Activity C iconGive an Example

In Proverbs 3:11–12 the phrase “to chasten” means to punish for the purpose of correcting. Write a brief situation or story that shows the truth of this proverb.

Activity D iconMake a Chart

Make a chart like the one below and fill it in with information from Proverbs 6:16–19 and from your own thoughts and experiences about what the Lord “hates” (there should be seven characteristics listed in Proverbs).

Characteristics the Lord Hates

Why You Think He Hates Them

Activity E iconGive Advice to a Friend

Imagine you are helping someone who is struggling with why he or she should live the law of chastity. What verses in Proverbs 6:23–33 would you read to him or her? For each verse you choose, tell how you would explain what the verse teaches. For example, if you were to choose verse 32, you might ask “What understanding do you think a person who commits adultery lacks?”

Activity F iconTry It Out

Try living the principles taught in Proverbs 15:1, 18; 16:32 for two or more days, and write in your notebook about your experience.

Activity G iconWrite It in Your Own Words

Write Proverbs 27:12 in your own words. How might verse 12 apply to the counsel we get from the prophets in the booklet For the Strength of Youth (36550)?

Activity H iconWrite the Opposite

Rewrite Proverbs 30:11–14 so that the verses express ideas opposite from the ones found in the scriptures. So, instead of the verses speaking of an unrighteous generation, they will tell about a righteous generation of Latter-day Saints. What could you do to help bring about this righteous generation?

Activity I iconFor Great Women

Proverbs 31:10–31 gives a description of a godly woman. List what you think are the five most important qualities mentioned, and explain why each one you chose is important.

Activity J iconIf You’re So Wise …

Solomon is supposedly the author of most of the proverbs.

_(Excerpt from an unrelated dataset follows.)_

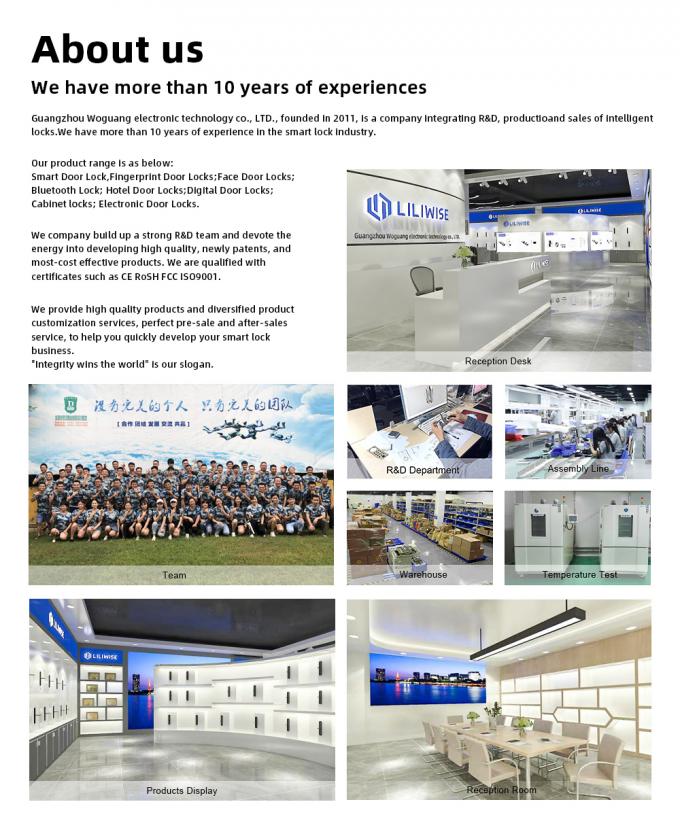 ล็อคประตูฉลาดลายนิ้วมือ 11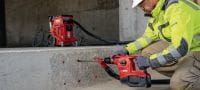 Akku-Bohrhammer TE 30-22 Leistungsstarker SDS Plus (TE-C) Akku-Bohrhammer mit aktiver Vibrationsreduktion und elektronischer Schnellabschaltung zum Bohren und Meisseln in Beton (Nuron-Akku-Plattform) Anwendungen 1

Considering what you know about Solomon’s life, find a proverb you think could have saved him from the problems he had later in his life.

Activity K iconProverbs about Riches

Read the following proverbs and summarize what they say about riches: 11:4, 28; 13:7–8; 15:16; 19:17; 21:6, 17; 22:1–2, 4, 7, 9, 16, 22–23; 28:6, 8, 11, 20, 22, 27; 30:7–9.

Activity L iconProverbs about Work

Read the following proverbs and summarize what they say about work: 6:6–11; 10:4, 26; 12:24, 27; 13:4; 14:23; 19:15; 20:4, 13; 21:25–26; 24:30–34; 26:13–16; 28:19.